Giuseppe Maria Brignole-Sale (1703-1769) was a Genoese nobleman and father of Maria Caterina Brignole, Princess of Monaco and later Princess of Condé. He was the 7th Marquess of Groppoli. The reigning Albert II of Monaco is a direct descendant.

==Biography==

Giuseppe was the son of Anton Giulio Brignole-Sale, 5th Marquess of Groppoli (1673–1710) and Isabella Brignole, one of the most powerful and wealthy families in the Republic of Genoa. His brothers Gio Francesco Brignole Sale, 6th Marquess (1695–1760) and Rodolfo Brignole-Sale, 8th Marquess (1708–1774) acted as Doges of Genoa.
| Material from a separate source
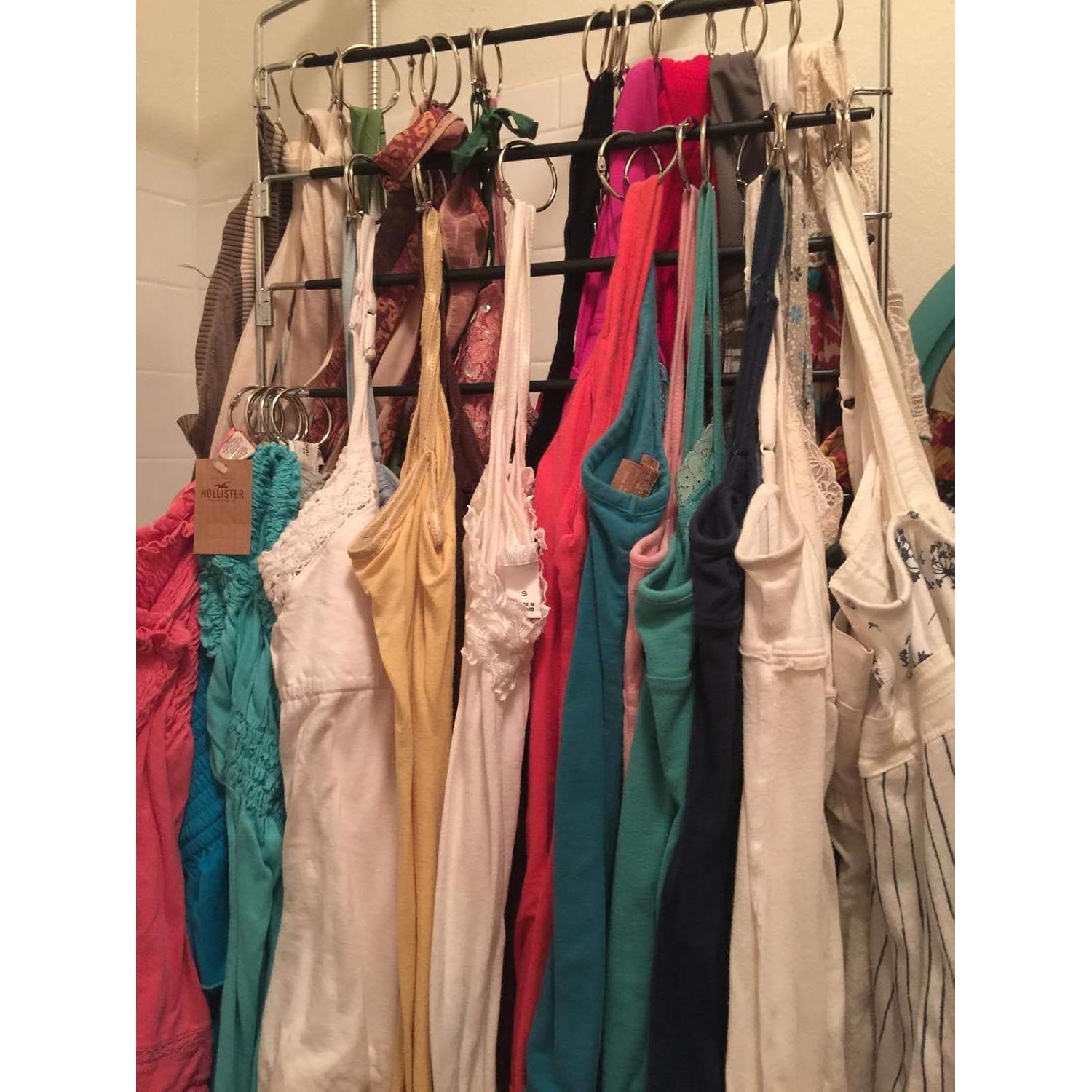 Anillas de Encuadernación Coideal 63mm Plateadas - Paquete de 20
At the premature death of his older brother Gian Giacomo, Giuseppe married his own sister-in-law Maria Anna Balbi, a member of the powerful Balbi family. Balbi would later become the mistress of Honoré III, Prince of Monaco, the couple's first son-in-law. She was also the mistress of the maréchal de Richelieu.
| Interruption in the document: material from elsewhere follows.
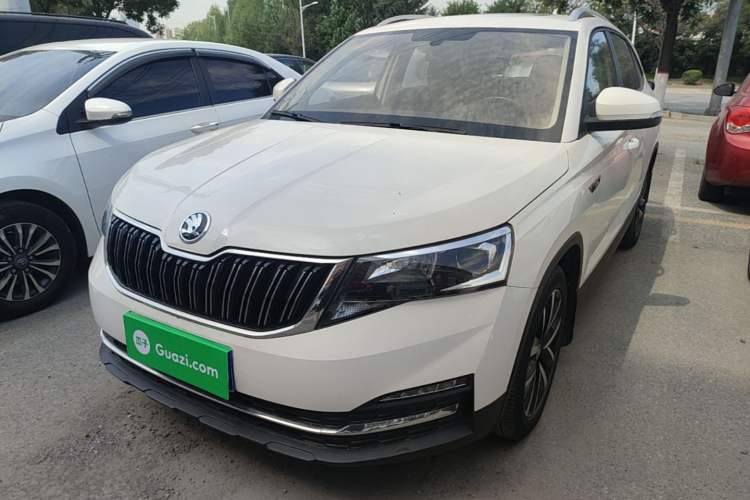 Used Skoda Kamiq 2020 1.5L Automatic Comfort Edition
Like his brothers, Brignole acted as ambassador to the Palace of Versailles. When his wife took their young daughter to Versailles, his wife became an instant success and would frequent the palace and Paris as much as she could. While at Versailles, his wife started an affair with the young Honoré III, Prince of Monaco and when she suggested that their daughter marry her ex lover, Brignole refused fearing for his reputation. Honoré III pressured for seventeen months but then opened negotiations to marry the daughter of the Duke of La Vallière. However, the French King Louis XV spoiled the relations between Honoré III and the Duke of La Vallière. Negotiations then changed and their daughter Maria Caterina married Honrore III by Proxy on 15 June 1757. Mother and daughter then went to Monaco by ship.

In 1760 he became the 7th Marquess of Groppoli having inherited the title from his brother. At his own death his properties passed to his younger brother Rodolfo Brignole-Sale. Giuseppe died at the Palazzo Rosso in Genoa.

==Issue==

1. Maria Caterina Brignole (7 October 1737 - 18 March 1813) married Honoré III, Prince of Monaco and had issue. Remarried in 1798 to Louis Joseph de Bourbon, Prince of Condé, no issue.